### WORK INSTRUCTIONS
Give the listing again in full and exactly, apart from its pictures.

### DATA UNDER STUDY
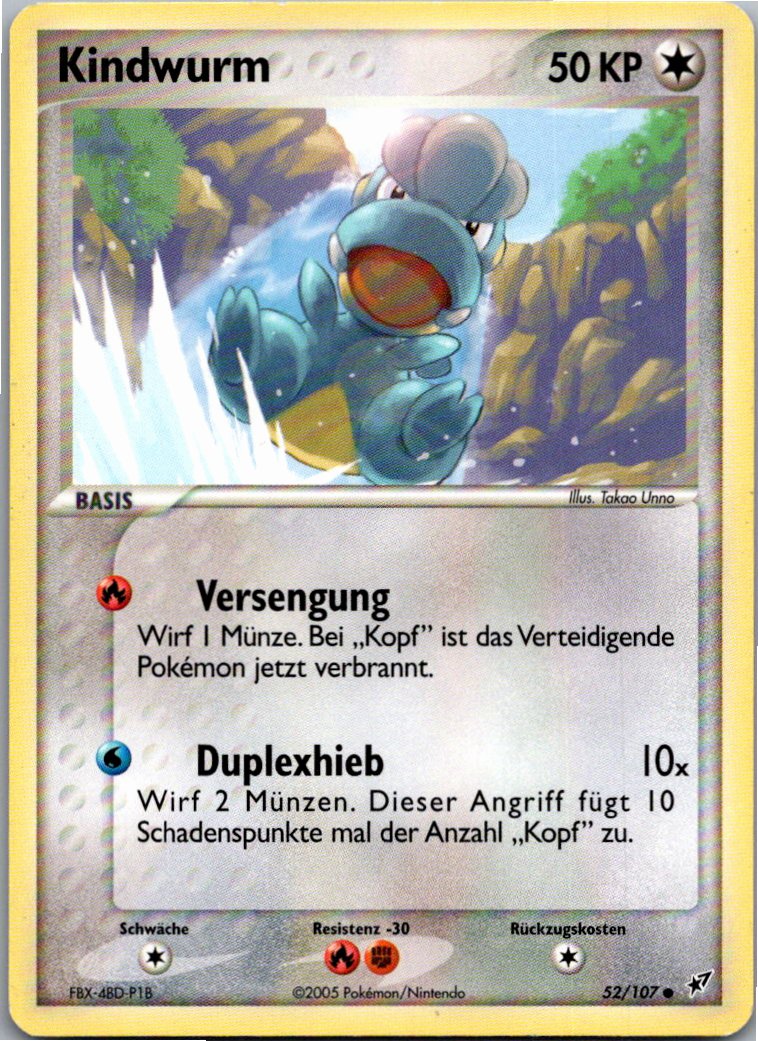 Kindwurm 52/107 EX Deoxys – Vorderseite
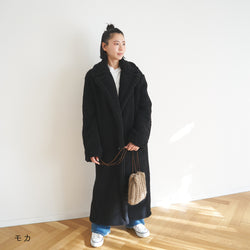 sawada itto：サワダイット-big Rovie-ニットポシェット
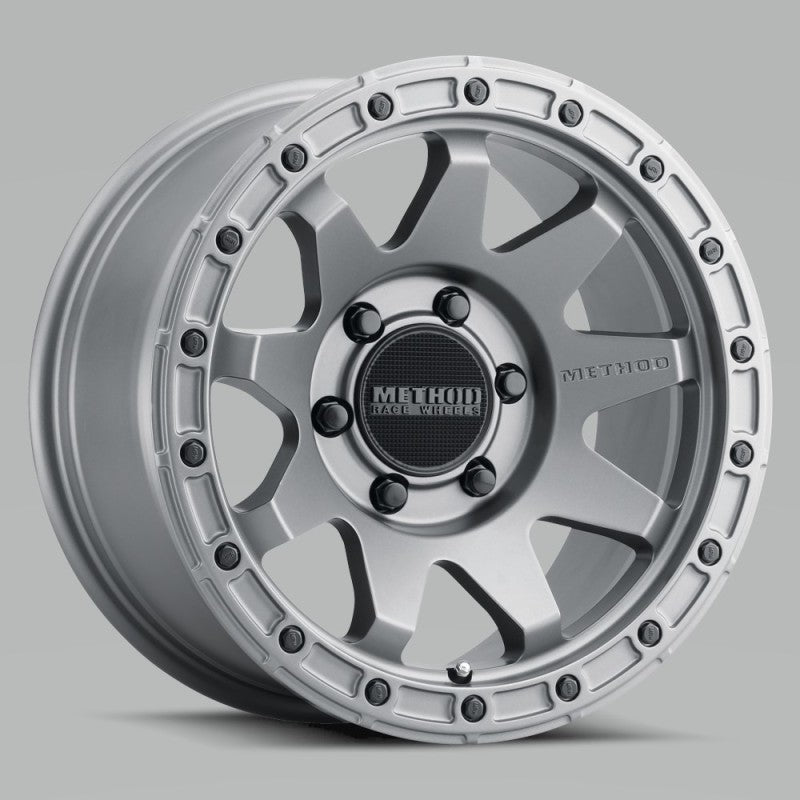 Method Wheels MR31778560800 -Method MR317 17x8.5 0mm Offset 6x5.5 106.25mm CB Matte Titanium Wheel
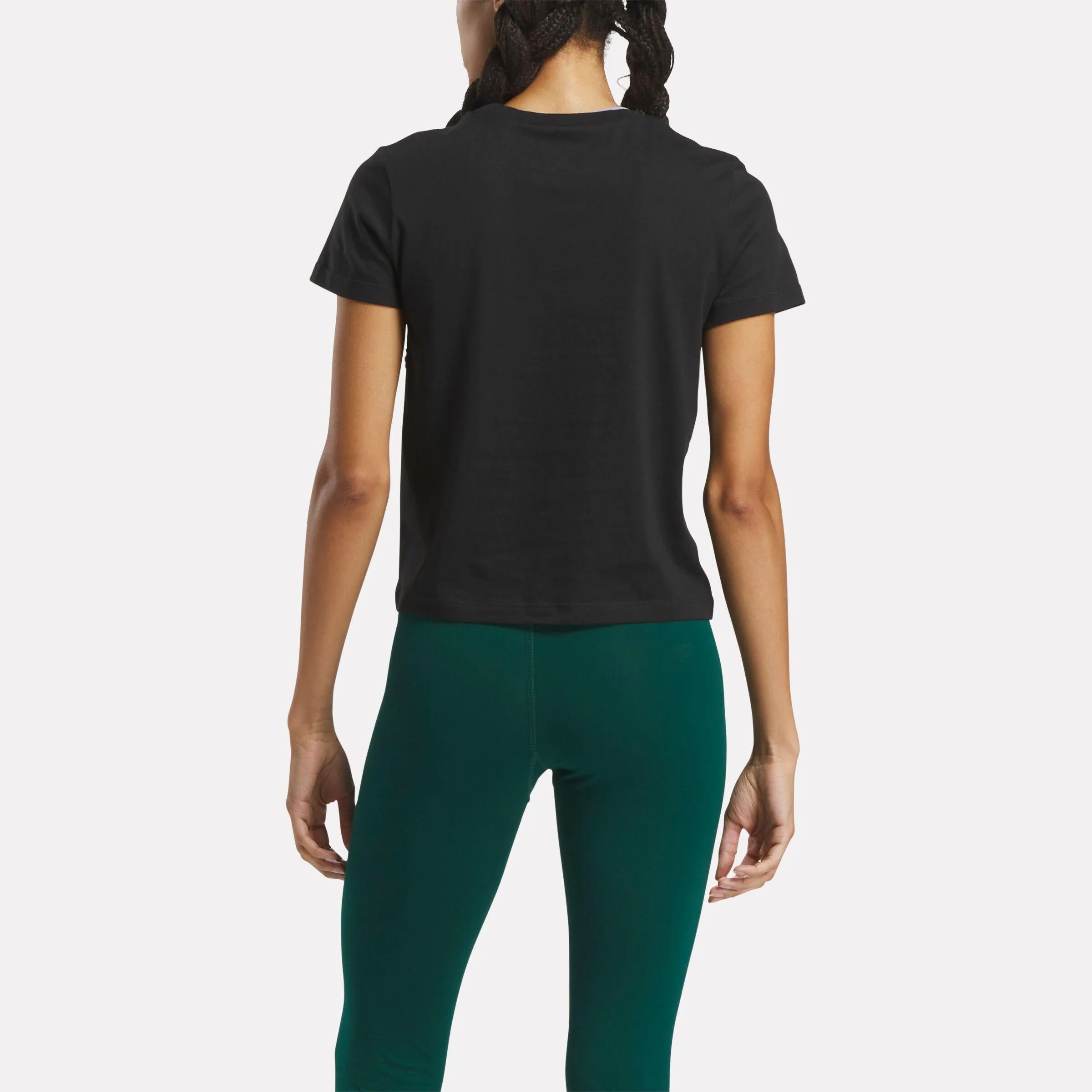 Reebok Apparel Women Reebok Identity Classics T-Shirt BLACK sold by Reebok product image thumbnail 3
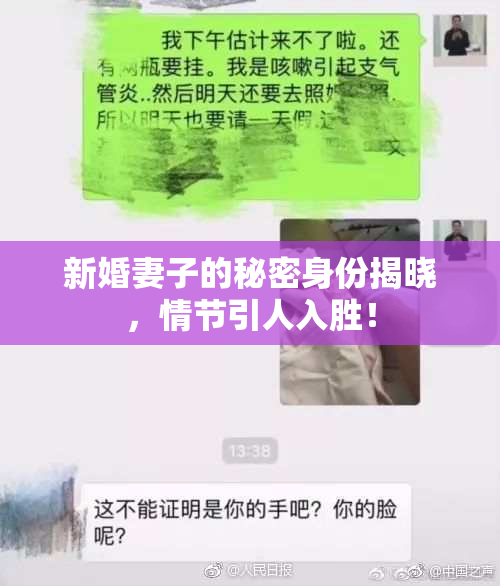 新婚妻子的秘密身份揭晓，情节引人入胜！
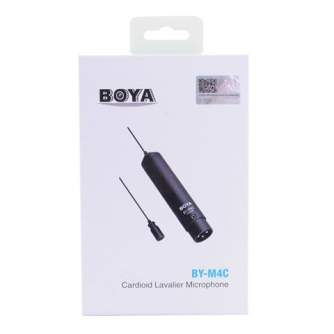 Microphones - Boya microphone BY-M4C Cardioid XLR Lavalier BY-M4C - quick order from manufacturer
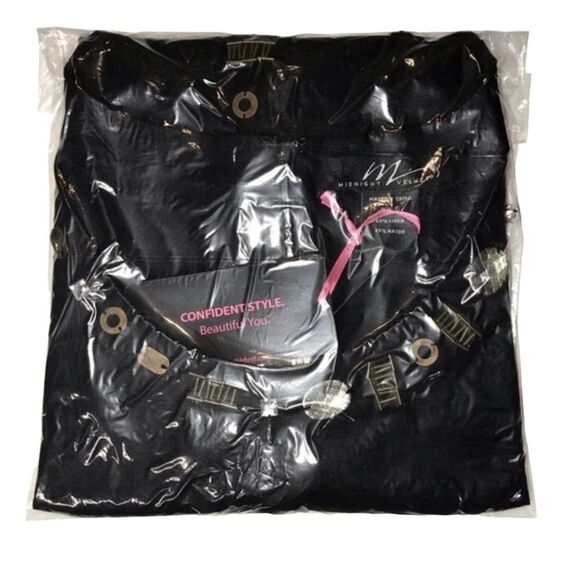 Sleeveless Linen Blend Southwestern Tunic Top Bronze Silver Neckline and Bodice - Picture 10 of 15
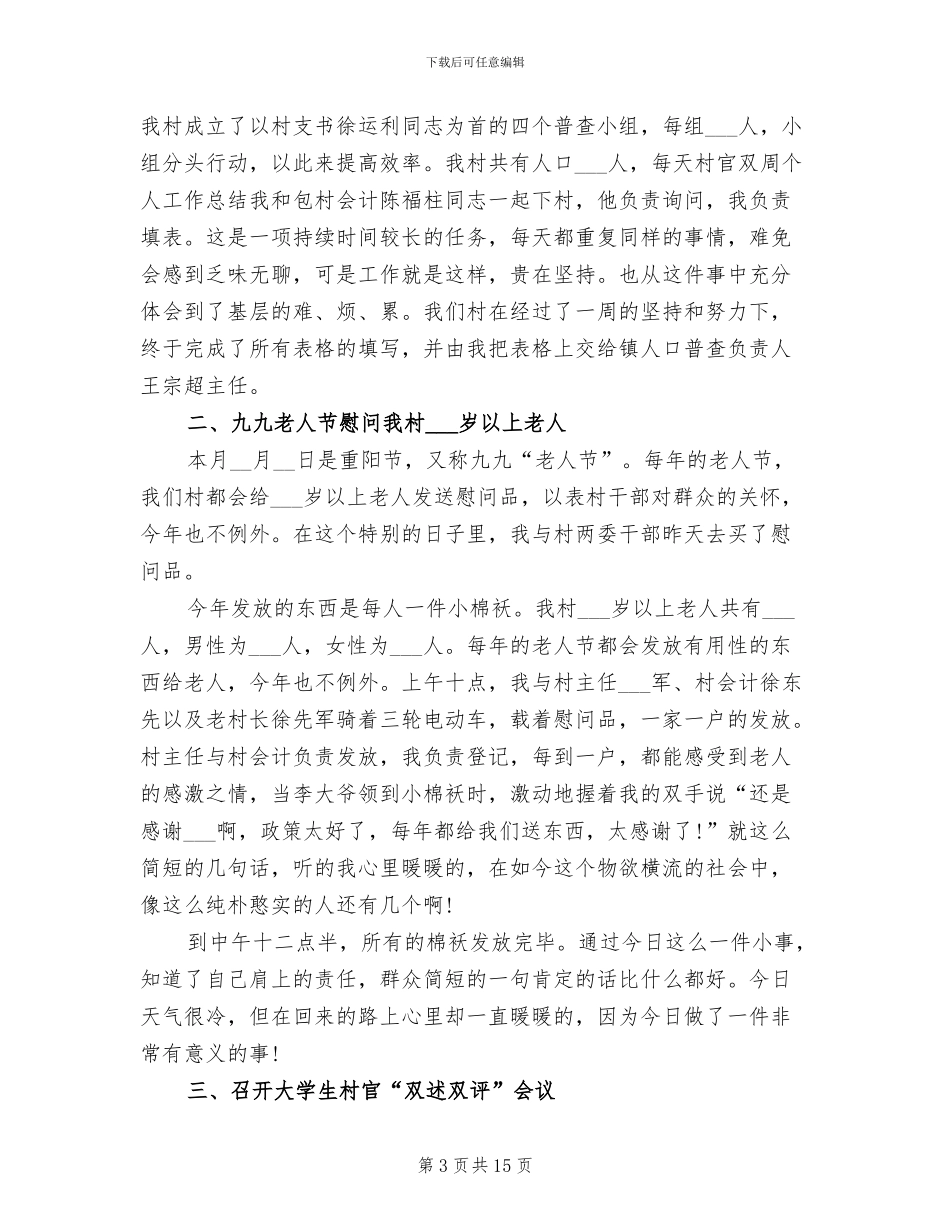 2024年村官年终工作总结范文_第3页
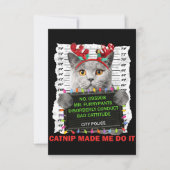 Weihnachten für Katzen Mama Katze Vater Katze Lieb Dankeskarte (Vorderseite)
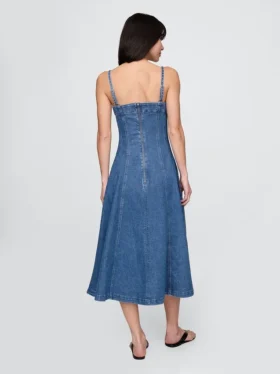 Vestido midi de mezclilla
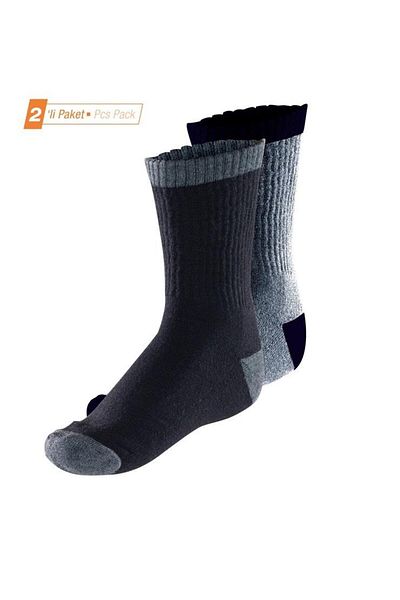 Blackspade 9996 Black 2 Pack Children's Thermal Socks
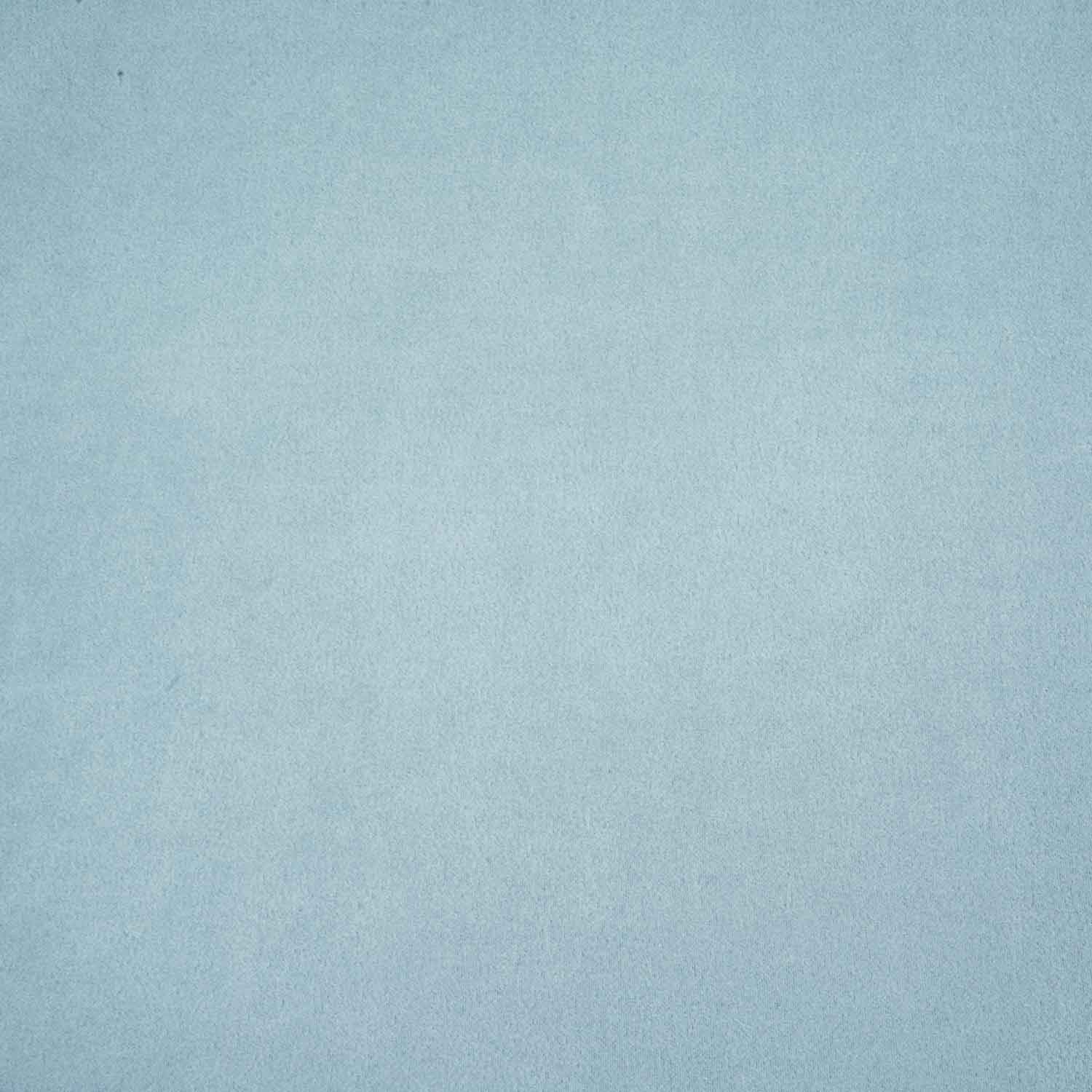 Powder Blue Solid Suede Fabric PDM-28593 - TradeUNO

### THE ANSWER
 Kindwurm 52/107 EX Deoxys – Vorderseite
 sawada itto：サワダイット-big Rovie-ニットポシェット
 Method Wheels MR31778560800 -Method MR317 17x8.5 0mm Offset 6x5.5 106.25mm CB Matte Titanium Wheel
 Reebok Apparel Women Reebok Identity Classics T-Shirt BLACK sold by Reebok product image thumbnail 3
 新婚妻子的秘密身份揭晓，情节引人入胜！
 Microphones - Boya microphone BY-M4C Cardioid XLR Lavalier BY-M4C - quick order from manufacturer
 Sleeveless Linen Blend Southwestern Tunic Top Bronze Silver Neckline and Bodice - Picture 10 of 15
 2024年村官年终工作总结范文_第3页
 Weihnachten für Katzen Mama Katze Vater Katze Lieb Dankeskarte (Vorderseite)
 Vestido midi de mezclilla
 Blackspade 9996 Black 2 Pack Children's Thermal Socks
 Powder Blue Solid Suede Fabric PDM-28593 - TradeUNO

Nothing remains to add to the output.